INSTRUCTIONS FOR THE TASK: Every line below should be copied exactly; drop the pictures.

(INFORMATION GIVEN Opens)

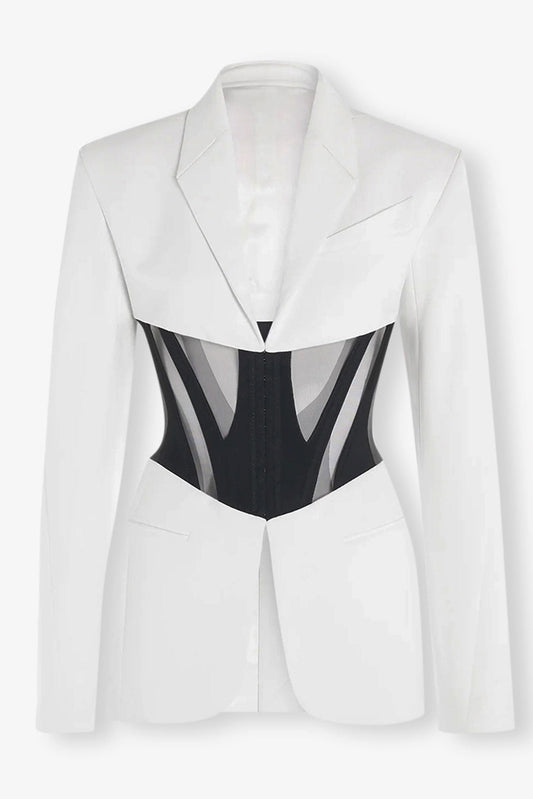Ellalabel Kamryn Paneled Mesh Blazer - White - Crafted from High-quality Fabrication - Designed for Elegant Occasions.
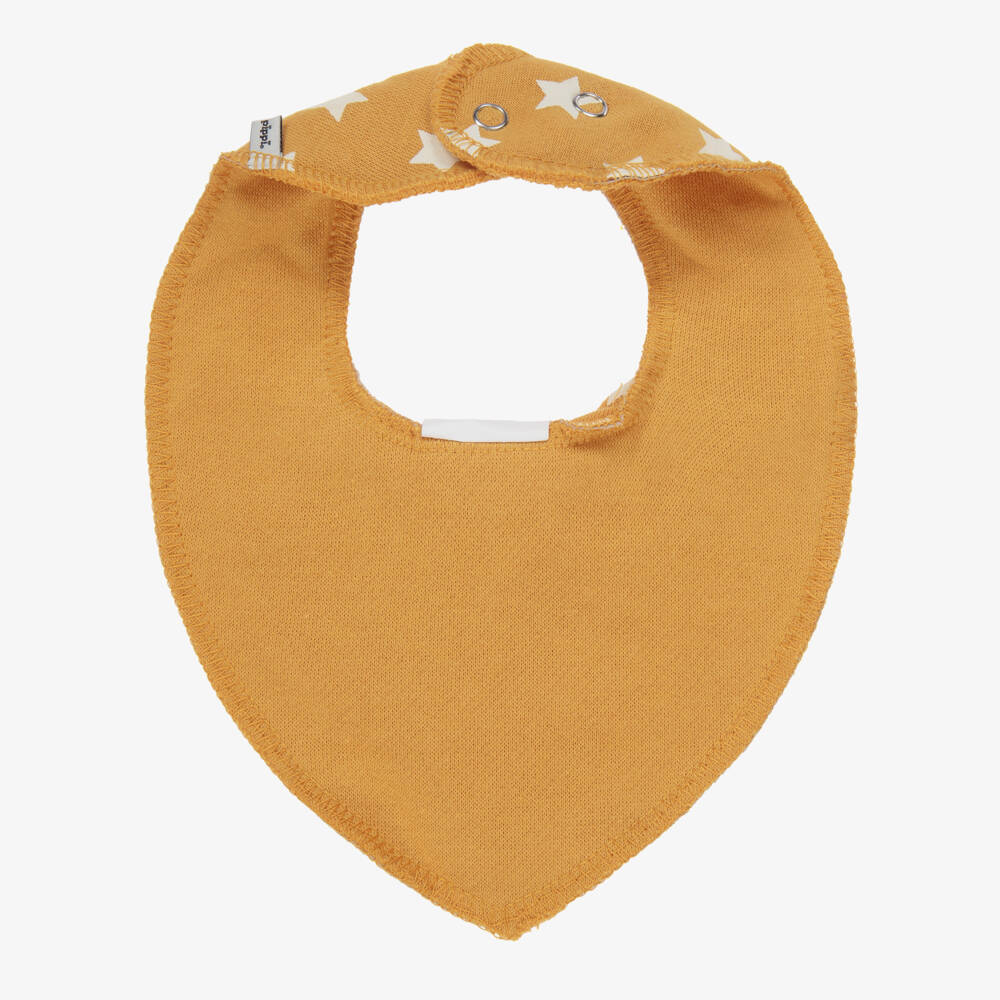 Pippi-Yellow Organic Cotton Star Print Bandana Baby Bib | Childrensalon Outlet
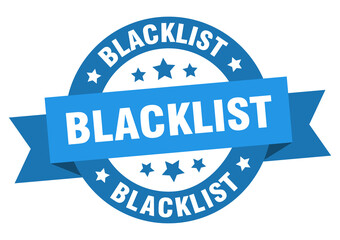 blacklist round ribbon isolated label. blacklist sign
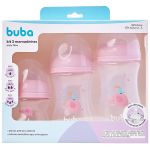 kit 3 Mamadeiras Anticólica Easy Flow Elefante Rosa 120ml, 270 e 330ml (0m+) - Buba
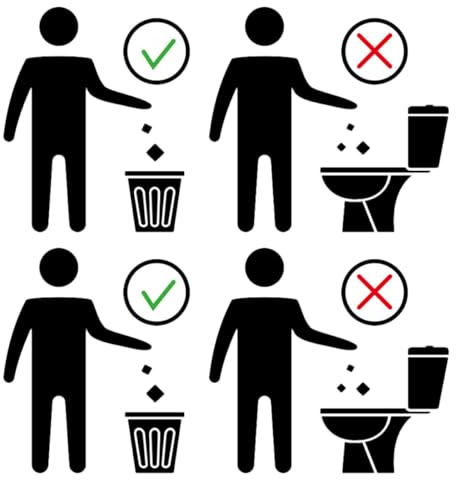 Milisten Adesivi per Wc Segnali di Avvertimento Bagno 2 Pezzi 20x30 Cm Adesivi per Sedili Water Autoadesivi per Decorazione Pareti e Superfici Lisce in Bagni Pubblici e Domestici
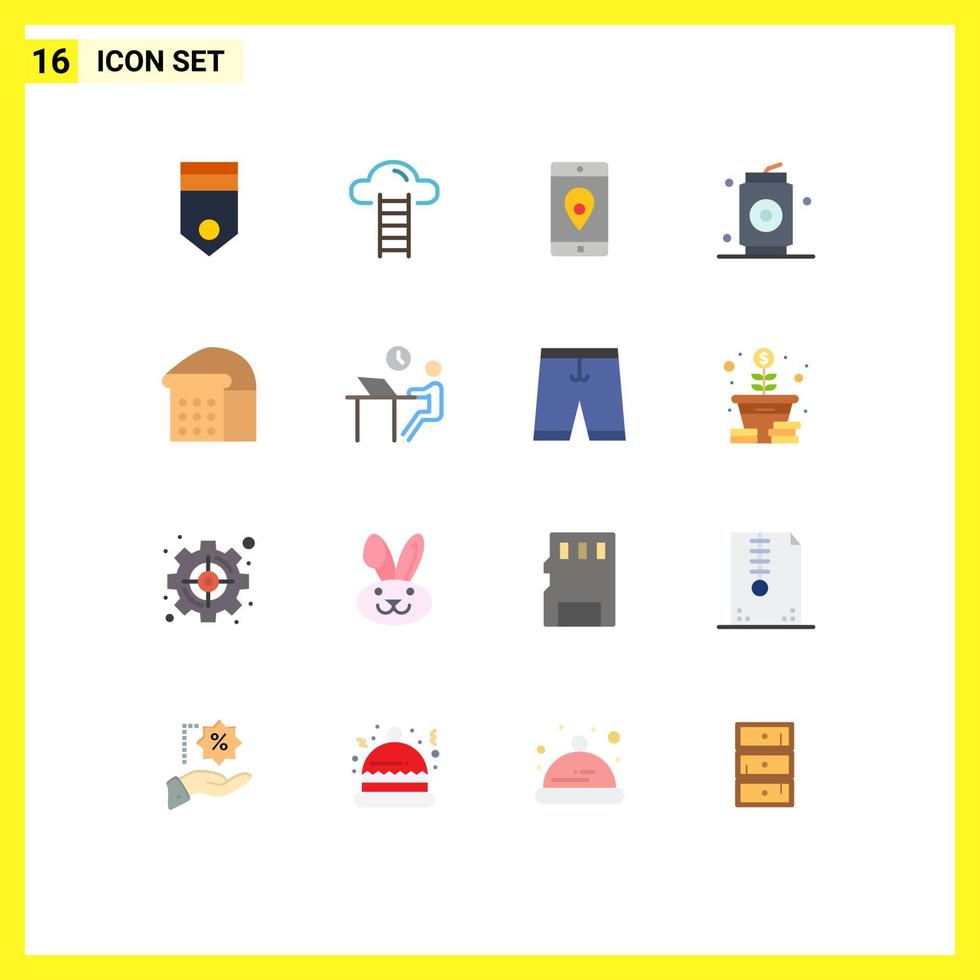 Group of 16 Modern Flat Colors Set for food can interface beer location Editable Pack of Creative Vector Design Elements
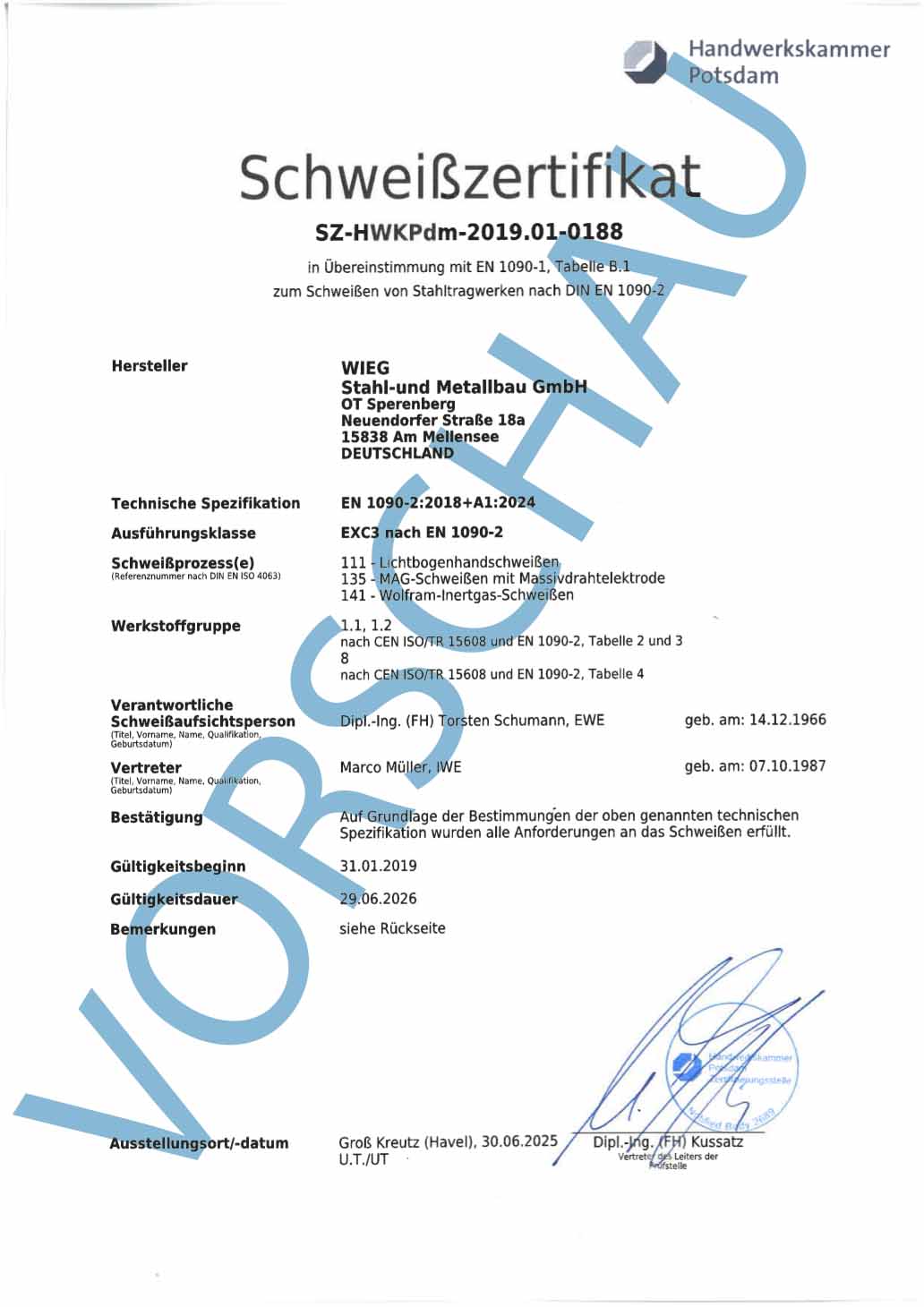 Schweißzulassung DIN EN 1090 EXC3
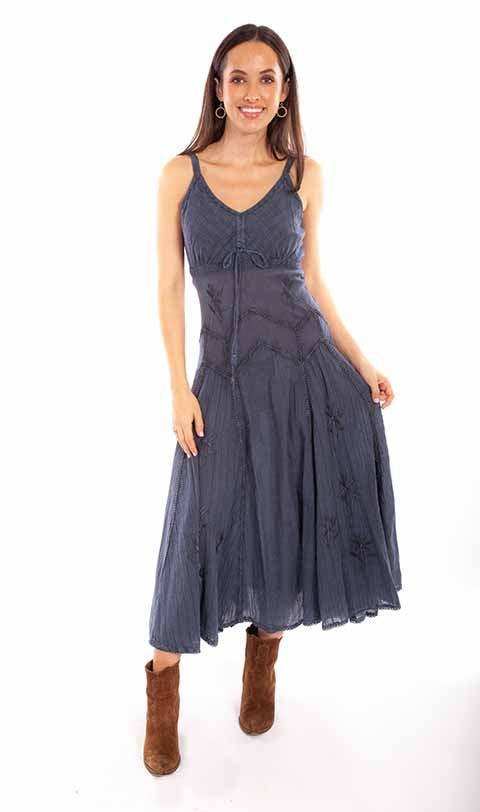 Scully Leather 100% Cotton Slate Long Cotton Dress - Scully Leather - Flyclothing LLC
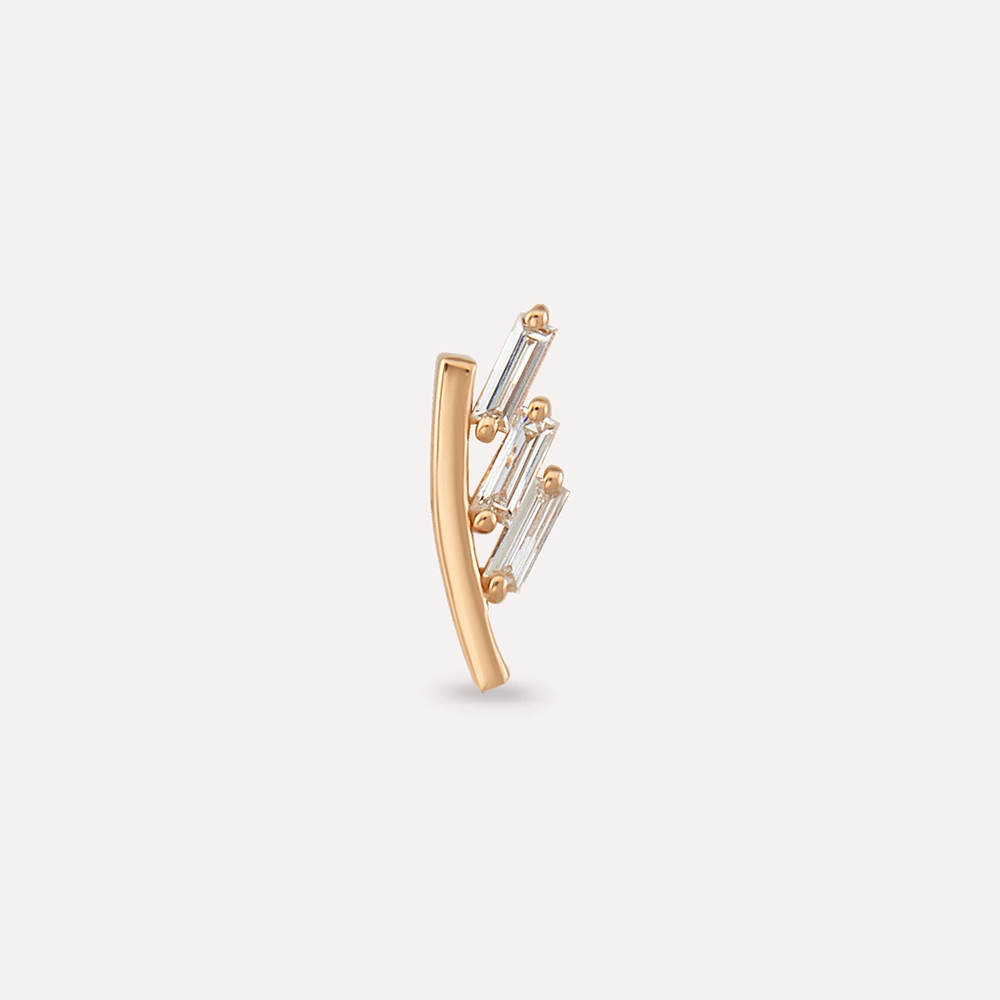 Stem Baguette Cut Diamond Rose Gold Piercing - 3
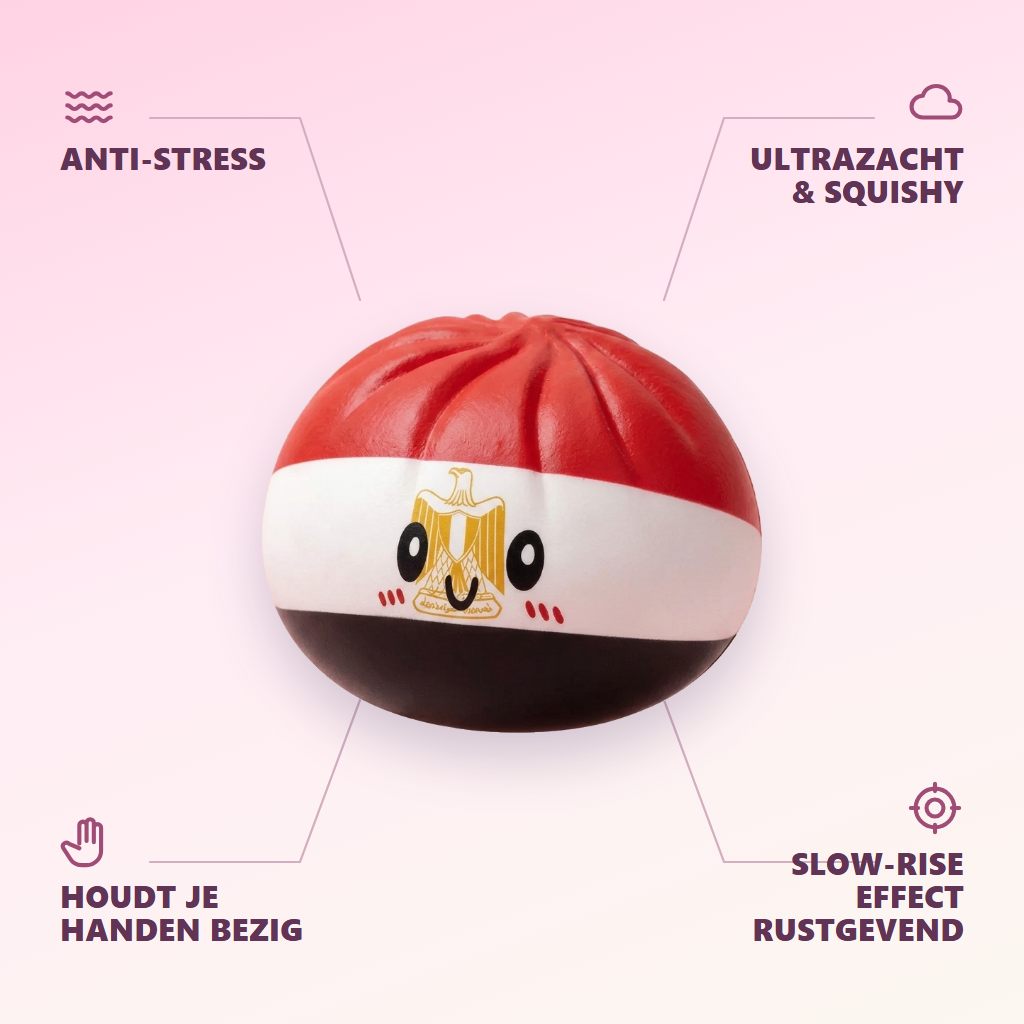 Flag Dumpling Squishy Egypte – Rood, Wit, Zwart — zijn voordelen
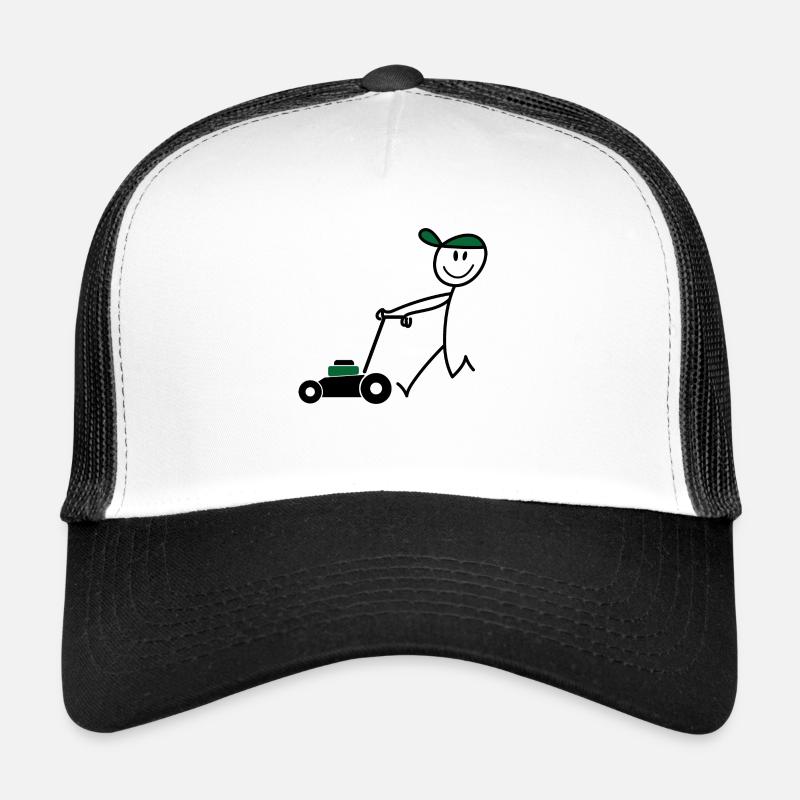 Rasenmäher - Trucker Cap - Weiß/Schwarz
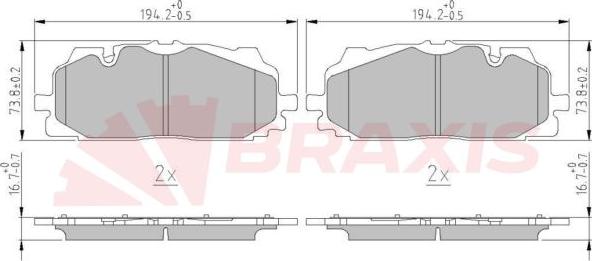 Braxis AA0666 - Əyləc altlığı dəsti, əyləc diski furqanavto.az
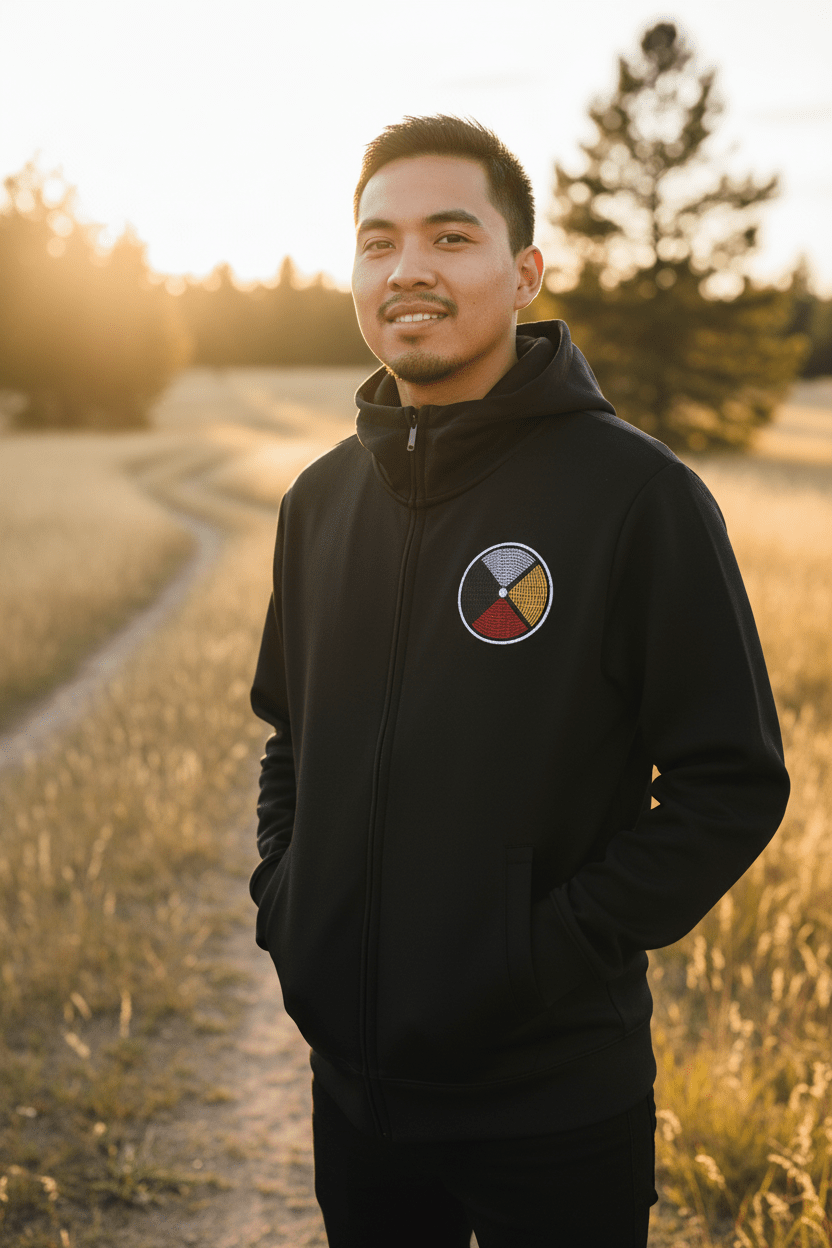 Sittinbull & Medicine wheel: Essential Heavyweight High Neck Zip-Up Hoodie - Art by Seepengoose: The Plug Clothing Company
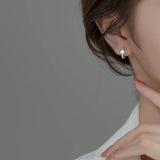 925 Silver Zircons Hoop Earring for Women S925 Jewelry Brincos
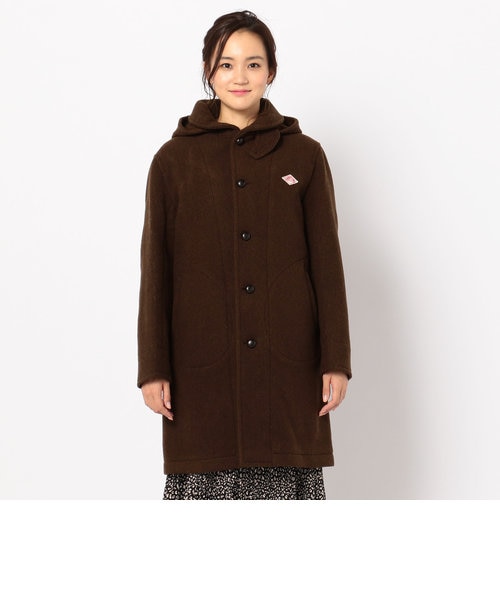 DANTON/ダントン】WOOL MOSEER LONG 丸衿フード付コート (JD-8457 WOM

(INFORMATION GIVEN Closes)

ANSWER TO THIS TASK:
Ellalabel Kamryn Paneled Mesh Blazer - White - Crafted from High-quality Fabrication - Designed for Elegant Occasions.
 Pippi-Yellow Organic Cotton Star Print Bandana Baby Bib | Childrensalon Outlet
 blacklist round ribbon isolated label. blacklist sign
 kit 3 Mamadeiras Anticólica Easy Flow Elefante Rosa 120ml, 270 e 330ml (0m+) - Buba
 Milisten Adesivi per Wc Segnali di Avvertimento Bagno 2 Pezzi 20x30 Cm Adesivi per Sedili Water Autoadesivi per Decorazione Pareti e Superfici Lisce in Bagni Pubblici e Domestici
 Group of 16 Modern Flat Colors Set for food can interface beer location Editable Pack of Creative Vector Design Elements
 Schweißzulassung DIN EN 1090 EXC3
 Scully Leather 100% Cotton Slate Long Cotton Dress - Scully Leather - Flyclothing LLC
 Stem Baguette Cut Diamond Rose Gold Piercing - 3
 Flag Dumpling Squishy Egypte – Rood, Wit, Zwart — zijn voordelen
 Rasenmäher - Trucker Cap - Weiß/Schwarz
 Braxis AA0666 - Əyləc altlığı dəsti, əyləc diski furqanavto.az
 Sittinbull & Medicine wheel: Essential Heavyweight High Neck Zip-Up Hoodie - Art by Seepengoose: The Plug Clothing Company
 925 Silver Zircons Hoop Earring for Women S925 Jewelry Brincos
 DANTON/ダントン】WOOL MOSEER LONG 丸衿フード付コート (JD-8457 WOM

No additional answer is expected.